だからこそ、書く意義がある、という側面もある。育児のシロウトで、いちばん大変な時期は過ぎちゃったおじさんが育児について書いているから新鮮、ということらしい。でも書く側としては、勉強不足は否めないのだ。
そんなこんなで、このところブログの更新頻度がめっきり減った。前みたいに、ちょっと寝る前に書くか、さっき気になったあのことでも書くか、そんな気楽なものでもなくなってきたからだ。まっとうなこと書かないと、ハフィントンポストやBLOGOSを通じて誤った情報が伝わってしまう。
そういう、責任感めいたことを、感じるようになってしまった。ブログを書くことは息抜きで趣味みたいなことなのに、責任だけは重たい。なんだろう、これは。
さらに最近の現象として、ここで書くことの主体性みたいなことが、ぼく自身の心持ちとは関係なく、不安定になっている。だって自分のブログ上より、ハフィントンポストやBLOGOSで読む人の方が圧倒的に多いのだから。取材に行くと「ああ記事読みました。ハフィントンポストの記者の方なんですね」と言われることもある。アグリゲーションの概念を知らない人に、「ぼくは自分のブログに書いてまして、転載されることになってまして・・・」と説明するのは大変だ。さらにさらに、”ハフィントンポストに載った記事がスマートニュースに表示される”なんてこともある。知らない間にあやしいサイトに転載されたりしている。いったい誰が書いた記事なんだ?

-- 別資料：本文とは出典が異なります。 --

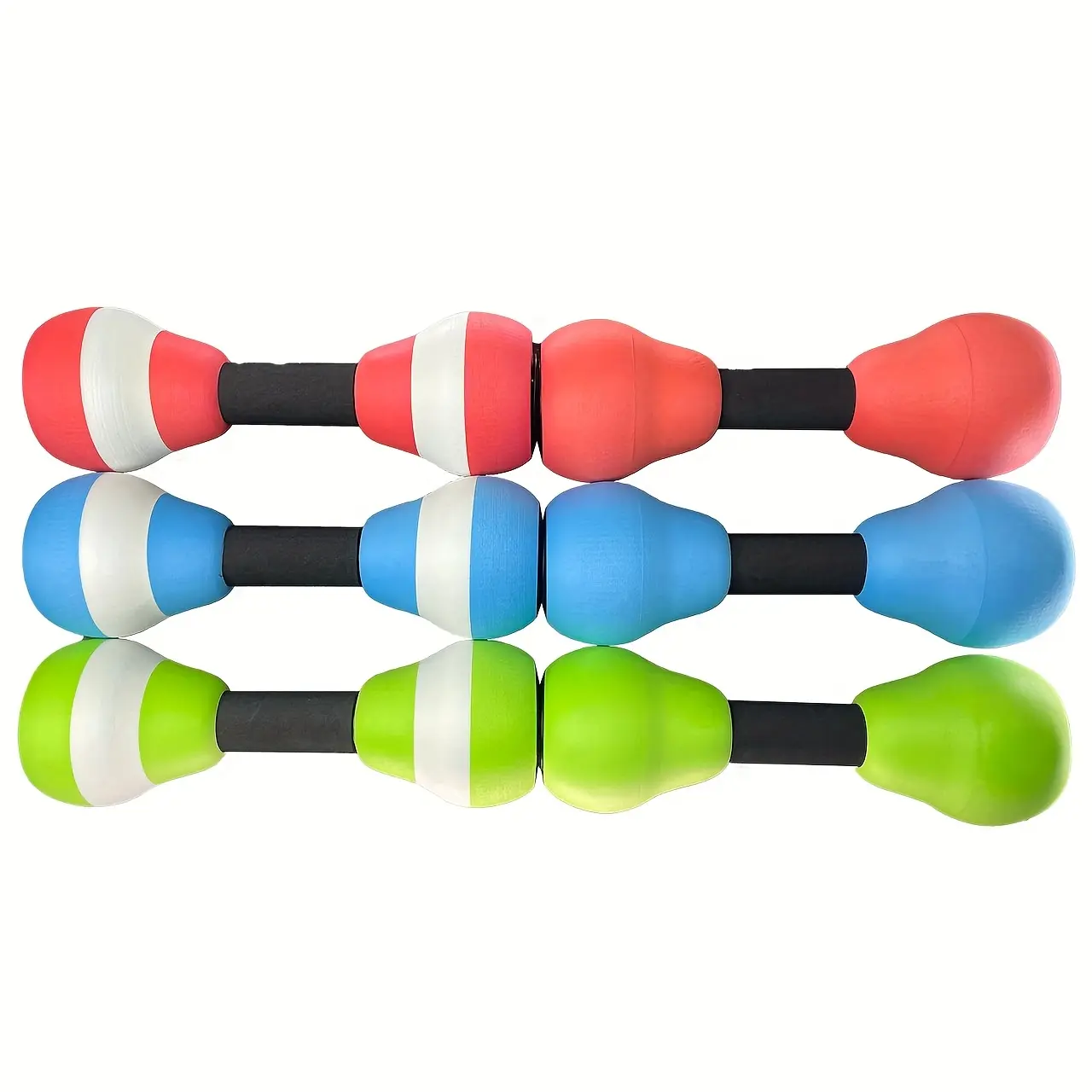 2 pieces, Aquatic Fitness Barbell, Swimming Aquatic Fitness Barbell, Water Aerobic Exercise, EVA Foam Dumbbell - Aquatic Fitness Equipment, Suitable for Adults' Aquatic Exercise, Unisex Swimming Aquatic Fitness Barbell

最初にふれたNile_Amenだって、サイトを見ても誰が書いてるのか、さっぱりわからない。名前もはっきりしない人が書いたいい加減な記事と、ちゃんと氏名を明示してまともなつもりで書いたブログ記事と、マスコミ上でプロの記者が書いた記事と、ぜんぶごちゃまぜになってキュレーションアプリで拾われ、日本中のスマホを飛び交っている。
そんなニュースとその解説と個人的な印象みたいな言説が、言い方悪いけど津波の濁流のように何もかも呑み込んでガレキのような状態になってしまって、毎日すごい勢いで目の前を流れて行っている。ぼくたちはその中から目についたものをひょいっと拾って、感じたことをコメントとしてくっつけて流れに戻す。見送るとその話題はどんどんふくらんでいっている。たくさんの人が何の気なしにつけたコメントで体積が増し、すぐに大きくなるのだ。
こんな状況では、ニュースをどう受け止めるか、読む側もいまや責任がある。そのまま信じて「みんな!大変だぞ!」ってコメントしたらどんどん信じるから。ぼくたちはもはや、ニュースをそのまま信じてはいけないのだ。「ん?!この記事は怪しいぞ!臭うぞ!」そう感じたら拡散しないようにしないといけない。そうするうちに、いい加減な書き手やサイトは淘汰されるはずだ。いや淘汰されないといかんと思う。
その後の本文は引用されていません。